I was talking to one of my work colleagues last week, who
mentioned she was dropping in to one of her favourite restaurants on the way
home from work to pick up the worlds best yiros and flat bread. I’d heard of the restaurant and commented
about how I wanted to go there one day.
I got an enthusiastic response about how their yiros was the BEST, and made a mental note to talk to Mr. P about going
there one day.
Saturday night I decided I wanted sushi but the sushi restaurant was closed. So I made another mental note to go there for lunch the next day but it got me to thinking about my conversation earlier in the week which led to another thought that we have all these fabulous cheap
restaurants in our city and I'm not making use of them. Every time someone
mentions a restaurant or dining experience to me, I mentally file the thought
away to go there someday and never actually
follow through.
So I spent some of my Saturday night on the internets,
looking up places I want to eat at then I made a list. I printed out the list , cut them up ,
folded them and put them into a jar. Then I cheated and pulled out the one for the sushi restaurant because that was the thought that started all of this so therefore it deserved to be first.
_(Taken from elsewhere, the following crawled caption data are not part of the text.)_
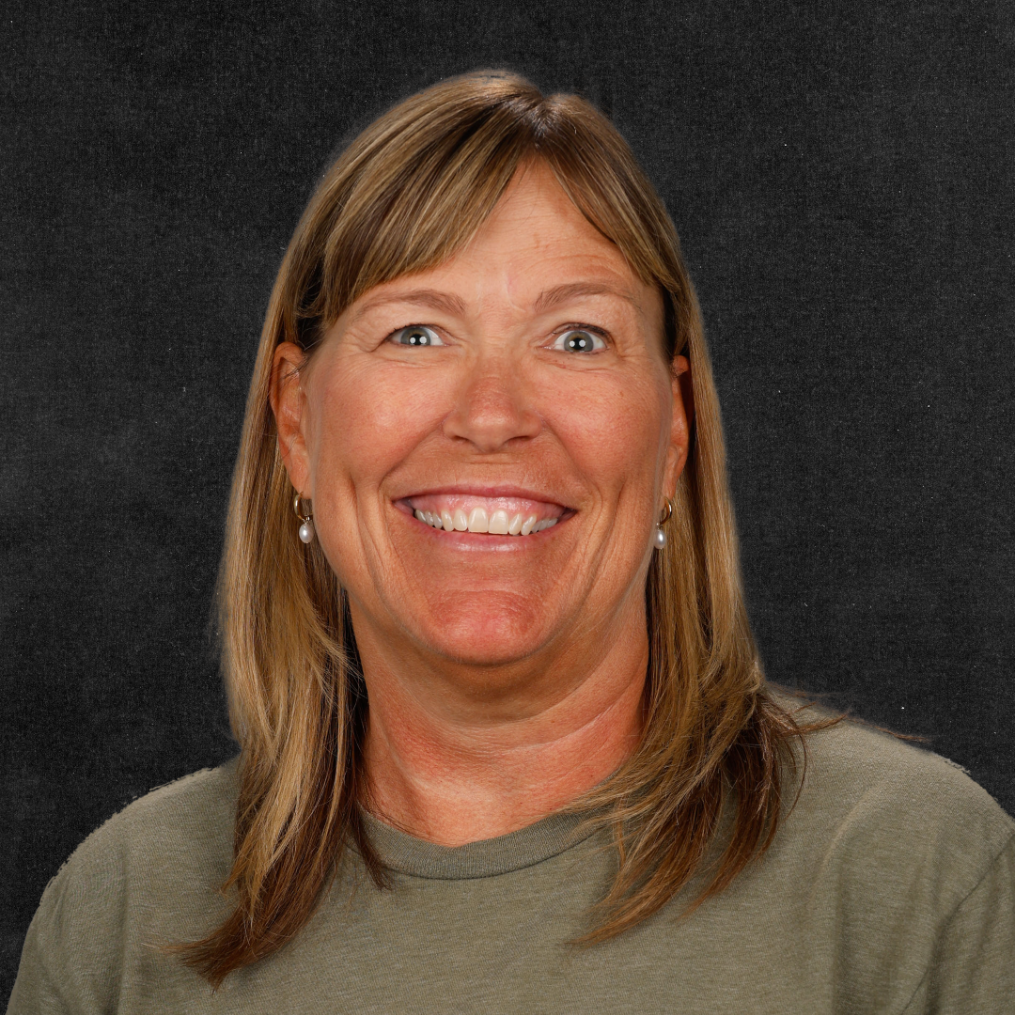 Carolyn McLucas - Women's Ministry Director
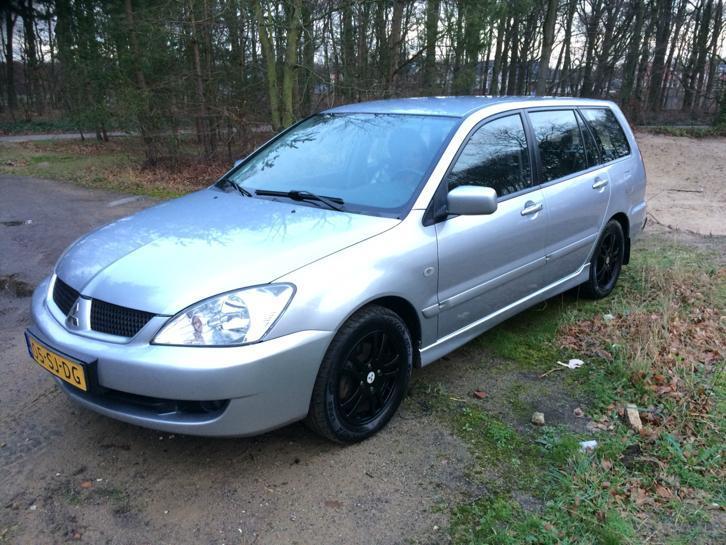 Mitsubishi Lancer 2006 Goedkoopste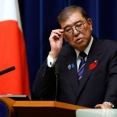 （速報）日本の石破首相、靖国神社に供物奉納＝韓国の反応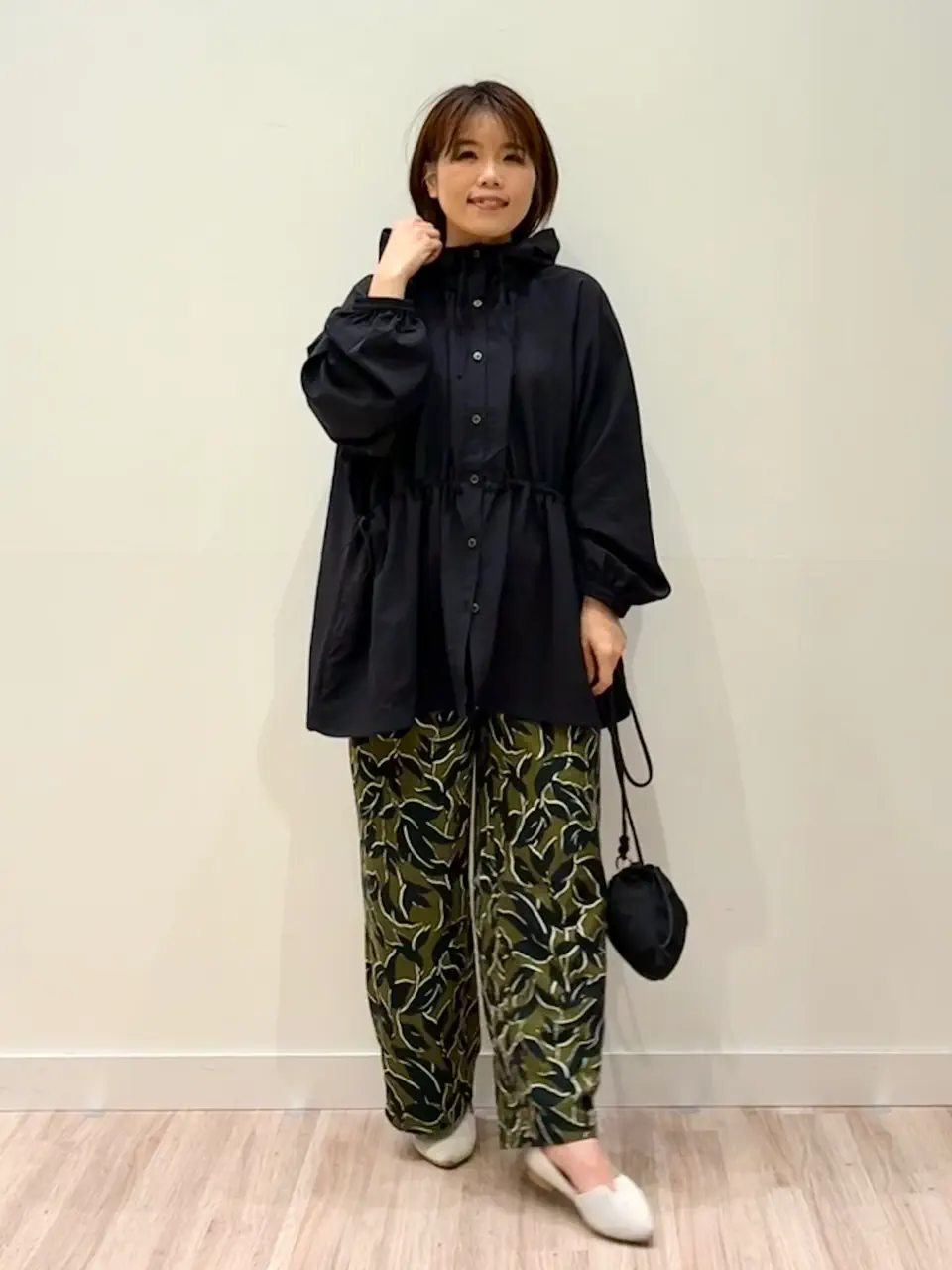 ONWARD CROSSET SELECT 前田 コーディネート画像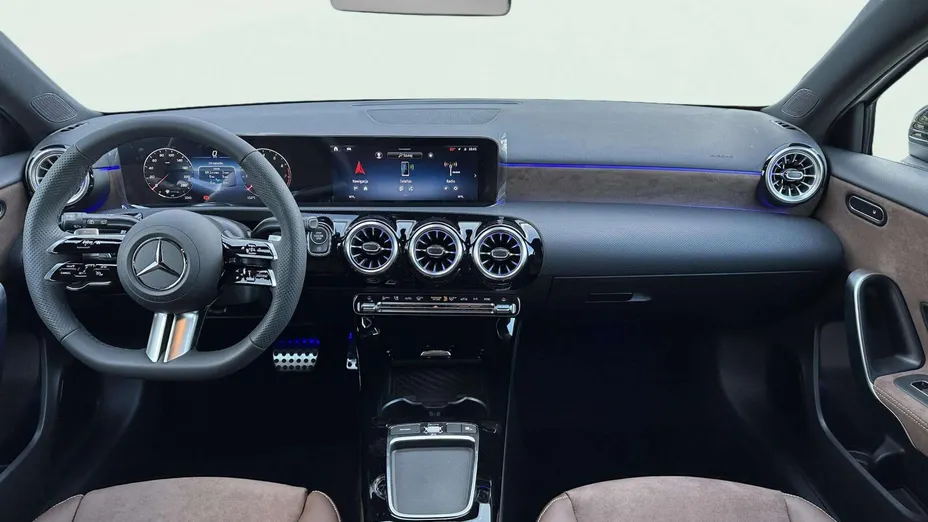 MERCEDES-BENZ A Klasa A 200 AMG Line 7G-DCT Nowy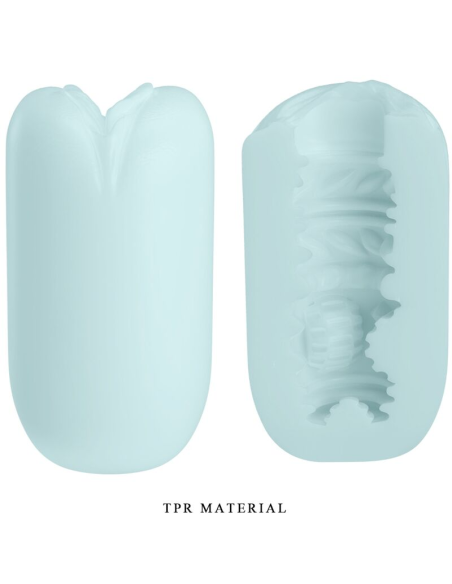 PRETTY LOVE - MASHA MASTURBADOR MASCULINO AZUL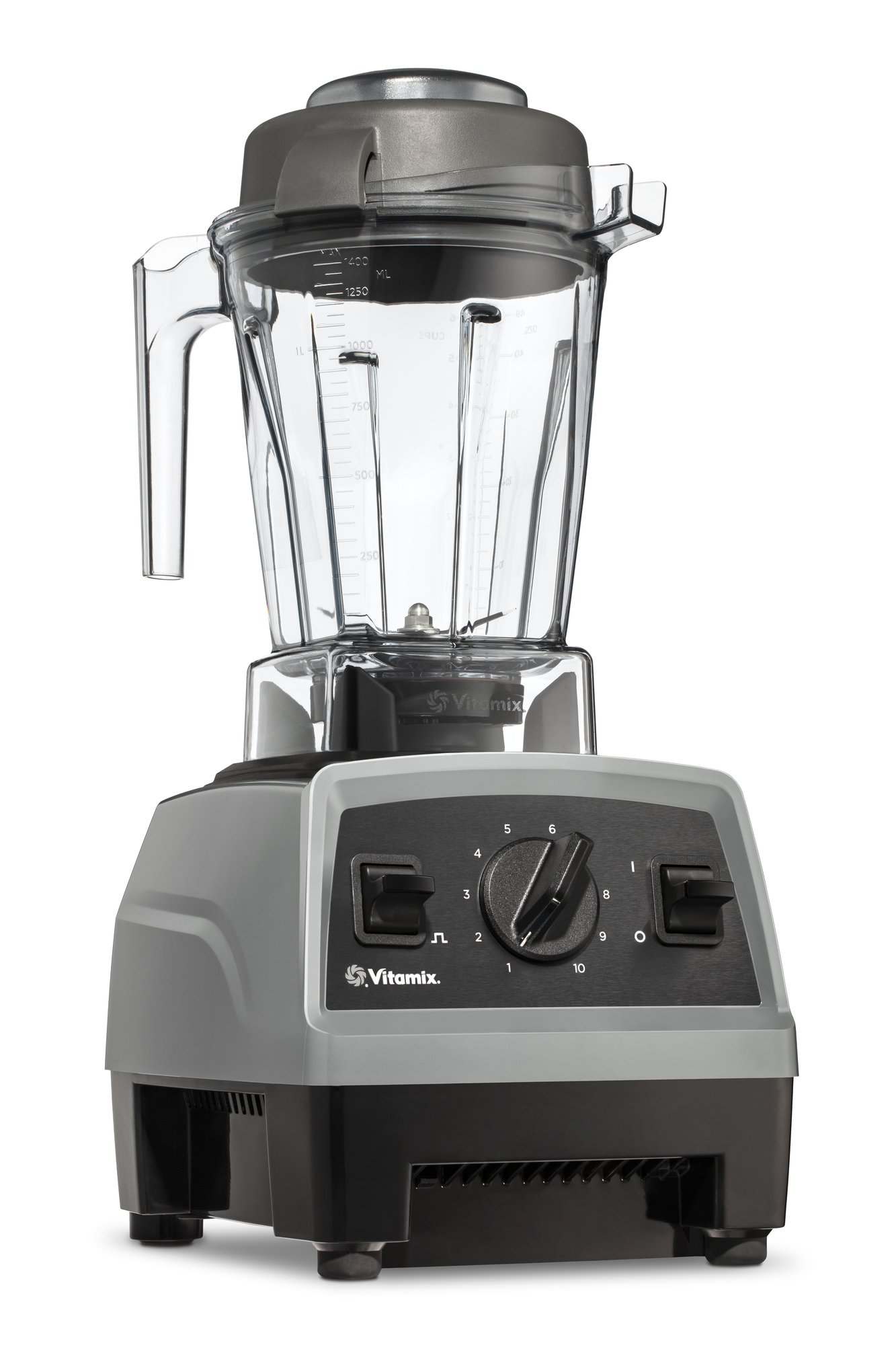 Vitamix E310 Explorian Blender - Professional-Grade 48 oz. Container, Slate - High-Performance Blender for Smoothies, Soups & Nut Butters - Perfect for Home Kitchens & Healthy Lifestyles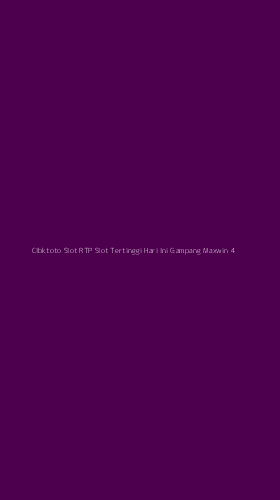 Tampilan Antarmuka Aplikasi Clbktoto Slot Rtp Slot Tertinggi Hari Ini Gampang Maxwin - 4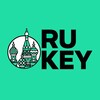 Логотип телеграм канала @rukeytg — RuKey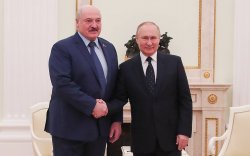 Лукашенко: Путины хориг арга хэмжээнд дэмжлэг үзүүлнэ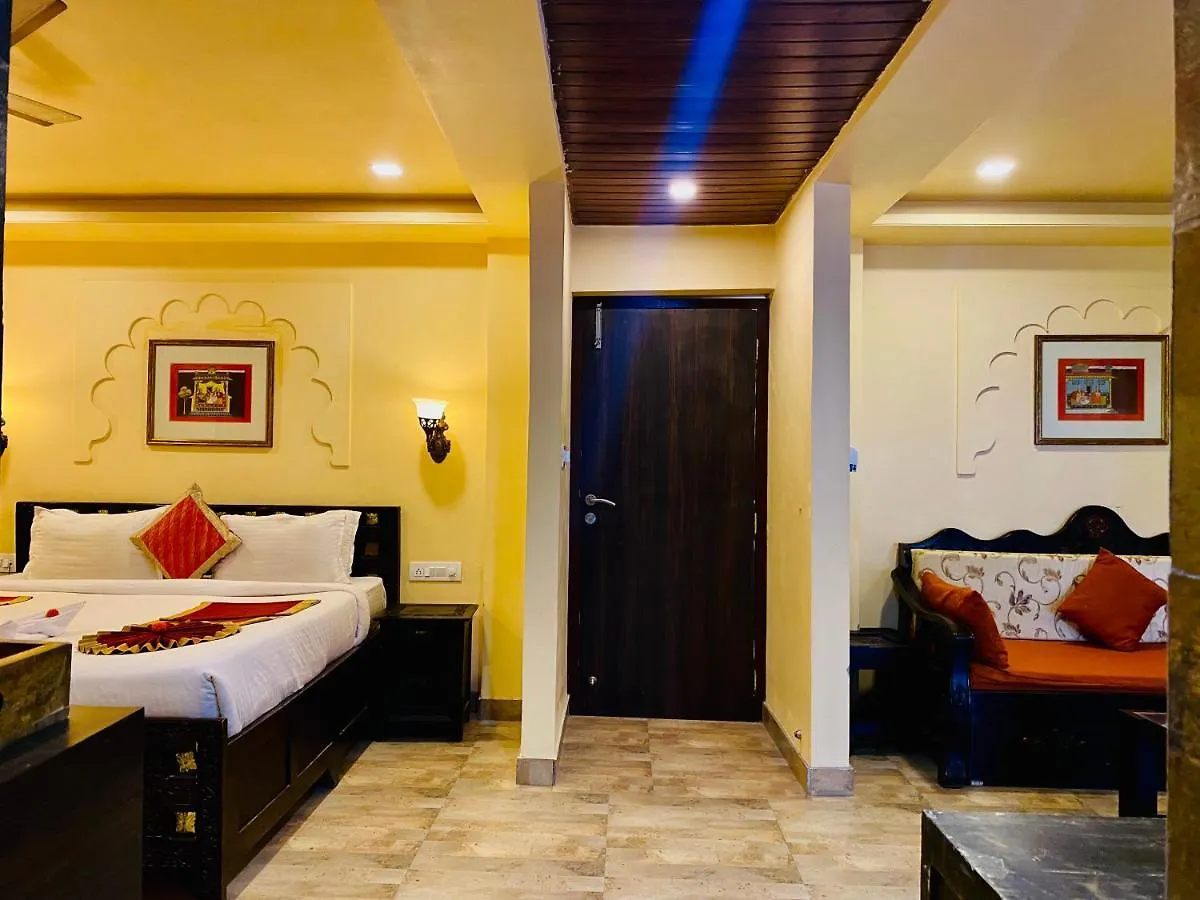 Aravali Valley Resort Udaipur
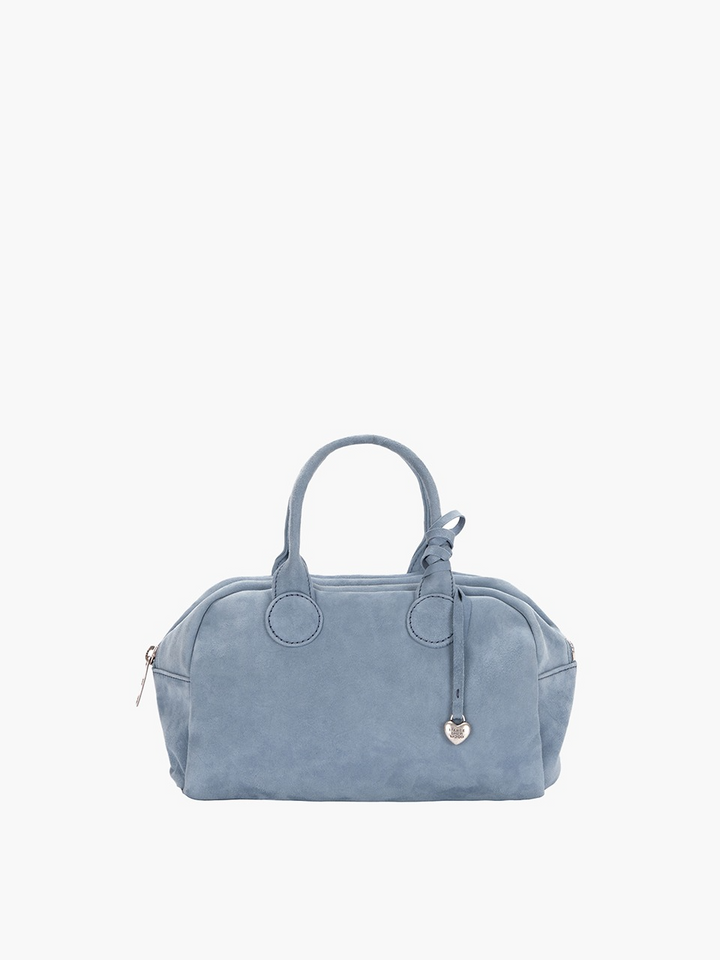 Margesherwood Soft Bowling blue suede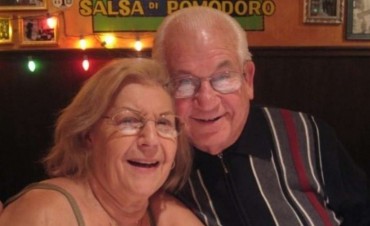 Estuvieron 70 a&ntilde;os casados y murieron con 40 minutos de diferencia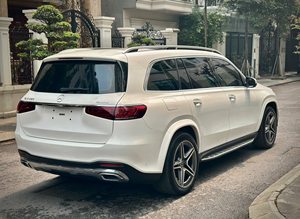 Mercedes-Benz GLS 450 4MATIC 2025 Usado - Product Image 3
So Mr. P and I went off to Kintaro Sushi Train for lunch (which is Tazz's fault because she took me there for the first time a couple of months ago and I seriously fell in love with their food )
I'm also rather enamoured with the idea that food whizzes past me on a conveyor belt and I just grab whatever looks good.
Which can be a bit of a double edged sword really, because it all looks good .
It can be a bit like playing Russian roulette with food because you might see something delicious coming towards you, and there is every chance that someone else closer to the item is thinking the same thing and will grab the very thing you were looking at so longingly before it gets to you.
You then have the choice of rugby tackling the unsuspecting thief to the ground to retrieve what you wanted , (which is anti social behaviour and probably arrestable) or to go back to watching food whizz past you while you look for something else that takes your fancy. I chose the latter.
Mr. P and I managed 11 plates between us before we felt we'd sushi-ed ourselves out. I did gross him out by eating sashimi, so I felt the day was a double success.
Not exactly cheap - 11 plates of sushi and two cokes set us back $51.00 for lunch but totally worth it.